松山義雄氏著による『新編伊那風土記』に、霜月祭り、谷京(やきょう、焼尾=やきお)峠、白山信仰のことが詳しく書かれています。
その中で注目したいのは、白山神社の神像が隻眼(せきがん=片目)であるということです。
松山氏によれば、その御神体伊邪那岐命(ごしんたいいざなぎのみこと)、大穴牟遅命(おおあなちのみこと)は鉄神であり、風越山(ふうえつざん)一帯を中心 に、これらを信仰する産鉄民(さんてつみん)集団が生活していたのではないか、そして、その集団の一部が遠山郷へ入り、遠山氏の祖先となったのではない か、と書かれています。
さて、白山信仰は、山鉄民集団が各地に鍛冶業(かじぎょう)を求めて移り住み、全国に広まったといわれていますが、遠山にある白山神社について調べているうちに、ちょっと不思議なことに気がつきました。
それは、上島(かみじま)・畑上(はたかみ)・十原(とっぱら)・名古山(なごやま)の四つの白山(城白山=しろはくさん)神社の地域には、そこにしかない苗字があるということです。
例えば、上島には、今川(いまがわ)・山下・上野・陰佐(かげさ)・宇佐美。畑上には、平沢。十原には、坂本・山口・石堂(いしどう)・城崎(しろさき)・荒井・皆浦(みなうら)。
名古山には、柴原・小西・中村などです。
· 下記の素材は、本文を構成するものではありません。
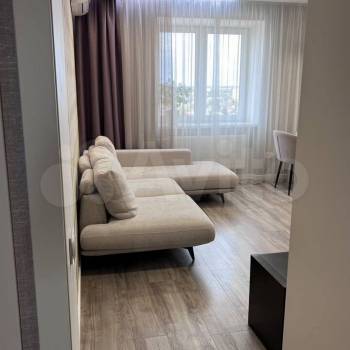 Продается 2-х комнатная квартира, 76,2 м²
時代を遡ったりして、もう少し正確に調べなければなりませんが、十原では苗字が皆違うことも併せて、白山信仰と何か関わりがあると思われます。
松山氏は、屋敷氏神(うじがみ)として全国各地でまつられている白山神社が、漂白民である産鉄集団の信仰と深い関係にあると想像しています。
霜月祭りは、舞処(まいどころ)は炉の形であり金山彦神(かなやまひこがみ)も現れるので、本来の意味を亡失した鉄山関係の宗教行事、とも書かれており、遠山氏の祖先は鉱山師と深い関わりがあったのでしょうか。